The epic failure of our age: how the west let down Syria
It was a sunny morning on Saturday 31 August 2013 – Labor Day weekend in the US – when Barack Obama strolled into the Rose Garden of the White House. The last thing most Americans were thinking about was war in a far-off Middle Eastern country.
But Obama faced a dilemma. The decision he was about to announce would come to be seen as a defining moment for his presidency. It also marked a tipping point for the international strategic balance of power. It was a moment that would transform the civil war in Syria into the epic failure of our age.

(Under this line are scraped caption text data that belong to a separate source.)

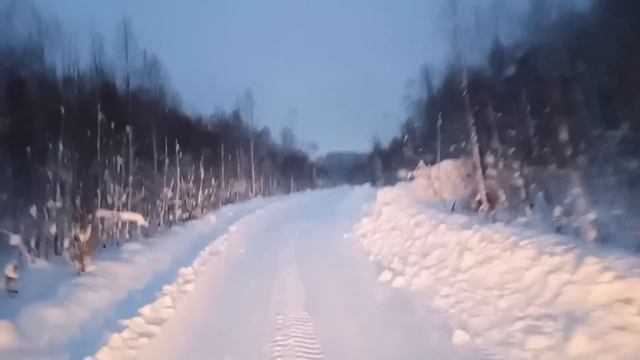 6 января 2024.Прогулка по тайге. Шаг 5.Итог простой пришел тягач. смотреть онлайн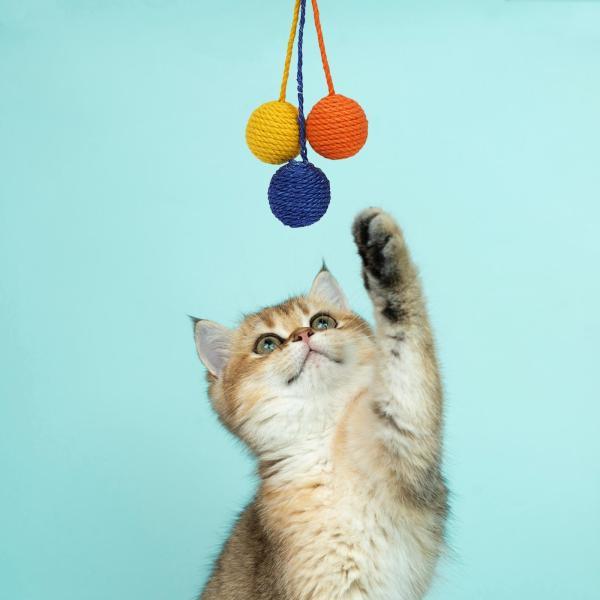 猫のおもちゃのボール、耐久性のあるキャッチャー ティーザー サイザル スクラッチ インタラクティブ  子猫用 キャッチ トレーニング｜stk-shop｜03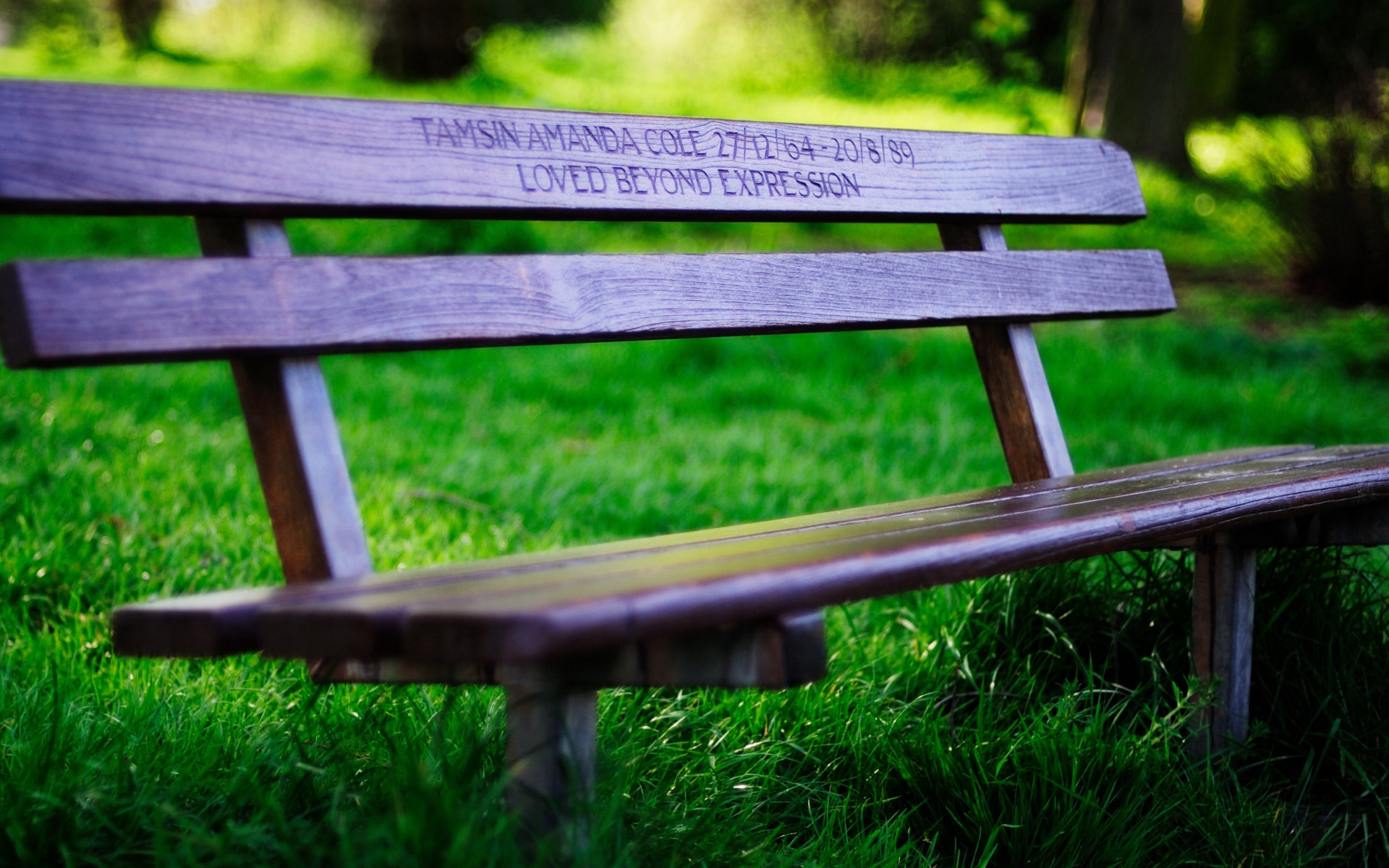 Free photo Wooden bench in the park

One year earlier, Obama had vowed that any use of chemical weapons by Bashar al-Assad, Syria’s embattled president, would cross a “red line”, warranting direct military intervention. Ten days earlier, Assad had launched just such an attack, in eastern Ghouta, near Damascus. Sarin nerve gas dropped from the air killed more than 1,000 people, hundreds of them children.
Waiting reporters fully expected a declaration of imminent US action. But Obama blinked. He announced the US would not attack the Assad regime – not yet, anyway. Instead, he would first seek authorisation from Congress.
Obama’s decision surprised even his close advisers. It appeared to have been influenced by an unexpected vote in the House of Commons two days earlier, on 29 August, when David Cameron’s plan to order British forces to join allied.